“Pests” and “Weeds” are really just names we give to animals and plants that don’t suit our purposes. The worms in you composter aren’t pests but the caterpillars chowing down on your strawberries are.
I was puzzled at a recent article in the
Huffington Post that seemed almost... well, gleeful over an increasing threat of a pest known as a bollworm. Apparently the author thinks the proliferation of bollworms is a great way to ‘stick it’ to ‘evil corporations’ like Monsanto.
But let’s back up for a moment. Here is a short history of modern agriculture. As humans there are certain crops we like to farm. You know, things that are useful to us like corn and wheat and cotton and whatnot. I doubt there is a single dandelion farm on earth. The problem for us is that sometimes mother nature doesn’t want to go along with our plans. Events like plant diseases, pest infestations and droughts can have a severe impact on whether any useful crops can be grown at all. So over the last few decades special seeds and chemicals have been developed to protect our crops from these threats.
Whew! Keeping up with me so far? Let’s soldier on...
The problem is, as with the pink bollworm, that by developing a type of special genetically-modified cotton that kills pink bollworms we have pushed the bollworms to develop a resistance to the GMO cotton. These “super bollworms” can chomp on all the cotton plants they like until a new type of cotton with improved protection is developed.
And according to the HuffPost article this is somehow a good thing. I don’t see how. Farmers will lose out financially through destroyed crops and at the end of the day we’ll have less cotton and cotton will be more expensive to purchase as a result.
So could this have been avoided? Sure, I suppose we could have never used the technology and allowed ‘natural’ cotton crops to be devastated by bollworms year after year. Overall we’d have no cotton and lots of poor farmers. But I guess we would have helped support the global bollworm population... is that supposed to be a good thing?
Another take on this is to think of the farms of the world as living systems – like the human body. Year after year various forms of influenza spiral around the globe and every year new vaccines are developed to combat the spread. The result is that every year lives are saved but every year new vaccines must be developed for the next round of influenza. Well, it’s a similar cycle for the crops that farmers grow. Season after season they grow crops and each year there are different threats that can harm the crops. Farmers combat these threats in whatever way they can and then the next year the whole thing starts again.
Some might argue that we should simply let nature take its course. That’s a nice idea in principle but it’s hardly realistic or practical. These big agricultural systems exist to feed the demand of our big global population, with the side benefit of driving economies all along the way.
Sticking with cotton and bollworms, let’s look at two scenarios.
Scenario One – We ‘let nature take its course’
The farmer in India gives up and decides to stop fighting the pests that attack his crop year after year. He decides to grow non-GMO cotton and as a result his farm is devastated. (That’s right. His cotton will not magically evolve and develop some kind of special defence on its own- and certainly not in one season. It will be wiped out.) The Indian farmer, his family, and the families of all the other devastated farmers starve to death. In China, thousands of workers are laid-off as garment factories close.
On the other side of the world puzzled shoppers stop pushing their carts through Wal-Mart to gawk at the empty racks of clothes, with the few available items priced at 10 times their previous cost.
Scenario Two – We fight
The Indian farmer decides enough is enough.
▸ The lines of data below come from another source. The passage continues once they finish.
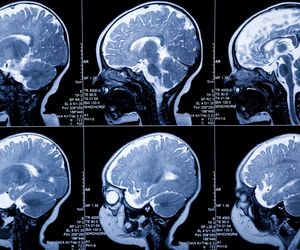 Gruczolak przysadki mózgowej - rodzaje i objawy
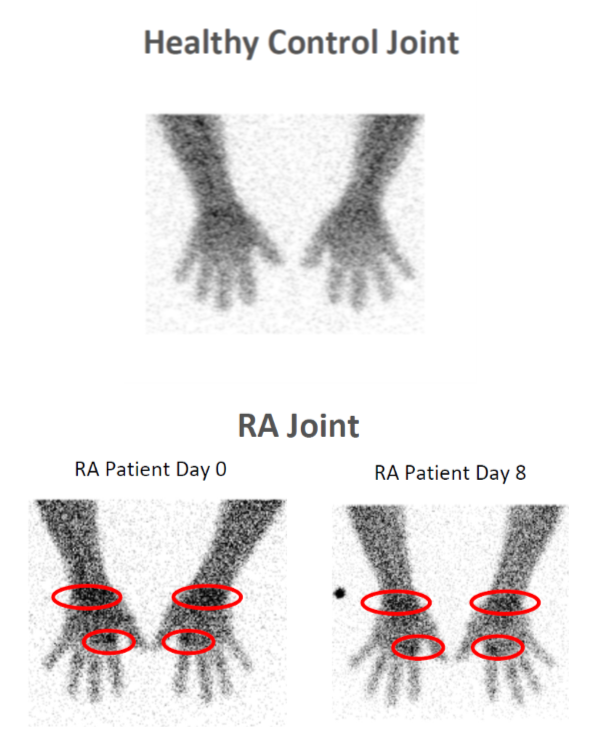 Healthy and RA joint image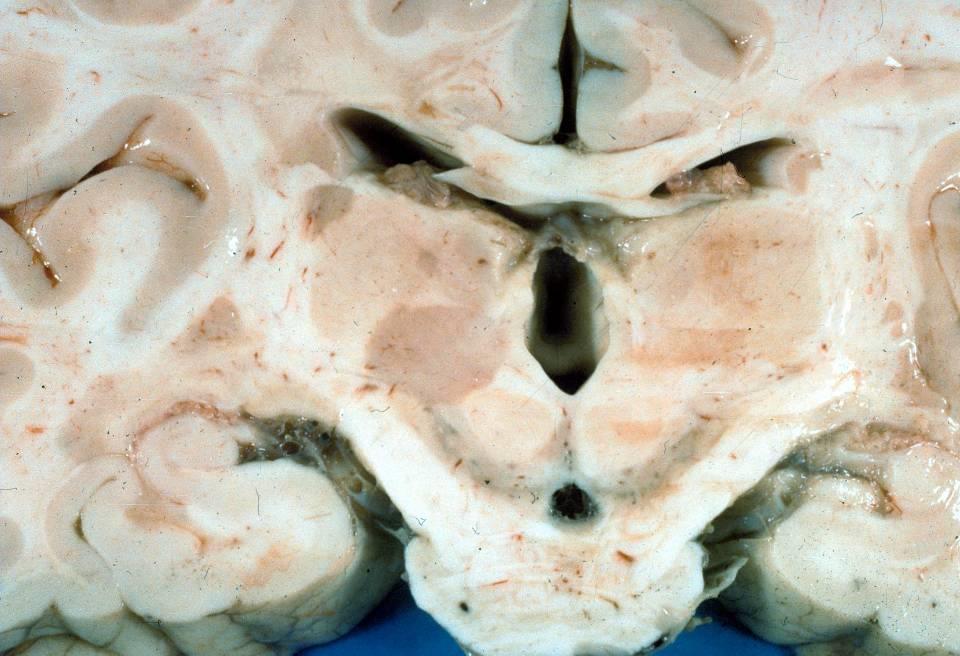 Sclerosis cerebrospinalis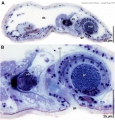 Acoelomorpha (acoelomorphs)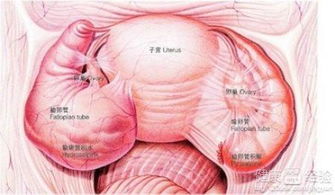 输卵管炎会导致腰疼吗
He uses the latest technology to combat the pests that destroy his cotton crops. He has a record harvest and he and all of the other Indian farmers can provide for their families. Tons of cotton is shipped to China where new factories open every month to produce new cotton garments.
And on the other side of the world it is life as usual.
Are my two scenarios ridiculous? They’re dramatic but certainly within the realm of possibility. It is in our very nature as human beings to survive and provide for ourselves. We develop medicines to treat diseases that afflict our bodies. If those treatments become ineffective we develop new ones. This bollworm situation is no different.
Seed companies already have an alternative cotton ready to go and are working on new innovations all the time. Do they profit from all this work? Sure they do - it’s a free market. But if they don’t work to prevent these pests then who will?